- Interactive map of Ever

Restaurant information
- Established: 2020
- Owner: Curtis Duffy
- Head chef: Curtis Duffy
- Food type: Modern
- Rating: (Michelin Guide)
- Location: 1340 W. Fulton Market, Chicago, Illinois, 60607, United States
- Coordinates: 41°53′13″N 87°39′37.5″W﻿ / ﻿41.88694°N 87.660417°W
- Website: www.ever-restaurant.com

= Ever (restaurant) =

Restaurant in Chicago, Illinois, U.S.

Ever is a restaurant in Chicago, Illinois, United States. Established in July 2020, the restaurant earned two Michelin stars in the 2021-2025 Michelin Guides.

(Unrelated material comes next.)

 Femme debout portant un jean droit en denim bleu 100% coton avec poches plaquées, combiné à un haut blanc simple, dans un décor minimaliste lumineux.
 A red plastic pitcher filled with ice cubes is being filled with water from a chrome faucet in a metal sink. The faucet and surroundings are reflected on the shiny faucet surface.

The restaurant is co-owned by chef Curtis Duffy and his business partner Michael Muser, respectively former head chef and general manager at Grace, a 3-star Michelin restaurant that was abruptly closed in December 2017 after the duo's offer to buy the restaurant was rejected by its investor-owner.

==In popular culture==
A fictionalized version of Ever, filmed in the actual restaurant but shown to have a different and significantly longer history, was featured in the TV series The Bear during the second-season episode "Forks". Ever also featured in the season-three finale "Forever."